Na terenie Gliwic, funkcjonariusze policji są w trakcie ustalania przyczyn dziś miażdżącego wypadku, który miał miejsce na ulicy Perseusza. W nieznanych jeszcze okolicznościach, kierujący samochodem osobowym stracił panowanie nad pojazdem i niespodziewanie znalazł się na przeciwnym pasie ruchu, gdzie doszło do czołowego zderzenia z ciężarówką marki Renault. W reakcji na dramatyczną sytuację, natychmiast ruszył na ratunek kierowcy jedne z policjantów, który przypadkiem znajdował się nieopodal miejsca zdarzenia, pomimo że był to dla niego dzień wolny od służby.
Incydent miał miejsce w środę 4 października, kilka chwil przed godziną 9.00 na osiedlu Kopernika. W miejscu oznaczonym jako skrzyżowanie przed rondem Heweliusza i ciągnącej się od ulicy Perseusza do Zygmuntowskiej doszło do tragicznej kolizji pomiędzy samochodem osobowym a ciężarówką.
Bez zwłoki po otrzymaniu sygnału o wypadku, na miejsce przybyły służby ratunkowe. Zadania związane z udzielaniem pomocy i ratowaniem życia poszkodowanego kierowcy samochodu osobowego przejęli od razu medycy ratownicy. Mężczyzna, który za kierownicą seata stracił przytomność, odzyskał ją dzięki ich wysiłkom.

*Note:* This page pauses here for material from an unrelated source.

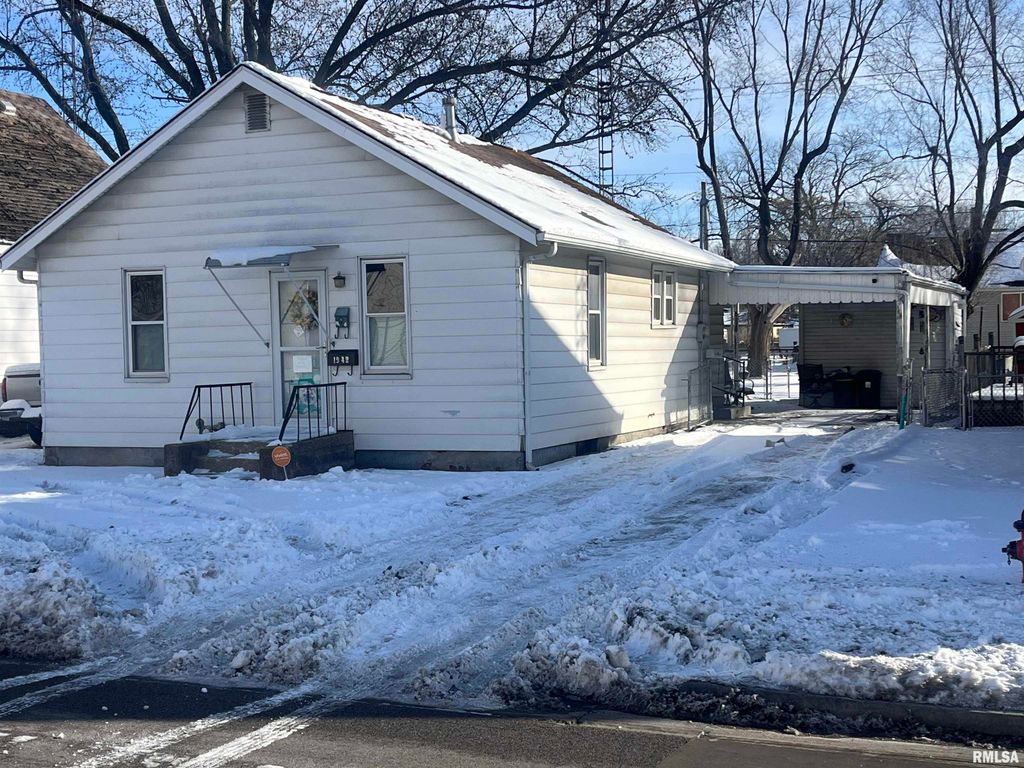 1942 S 11TH Street, Springfield, IL 62703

W związku z tym tragicznym zdarzeniem, ruch na drodze w obu kierunkach został zablokowany.
Na podstawie relacji świadków na miejscu, wydaje się, że przyczyną wypadku mogło być nagłe zasłabnięcie kierowcy samochodu osobowego, co spowodowało utratę kontroli nad pojazdem i zjechanie na pas ruchu wprost pod nadjeżdżającą ciężarówkę. Policjanci pracujący na miejscu zdarzenia są jeszcze w trakcie dochodzenia mającego na celu ustalić dokładne okoliczności tej tragedii. Wyniki prowadzonego przez gliwicką komendę śledztwa pozwolą na pełne wyjaśnienie przyczyn tego wypadku.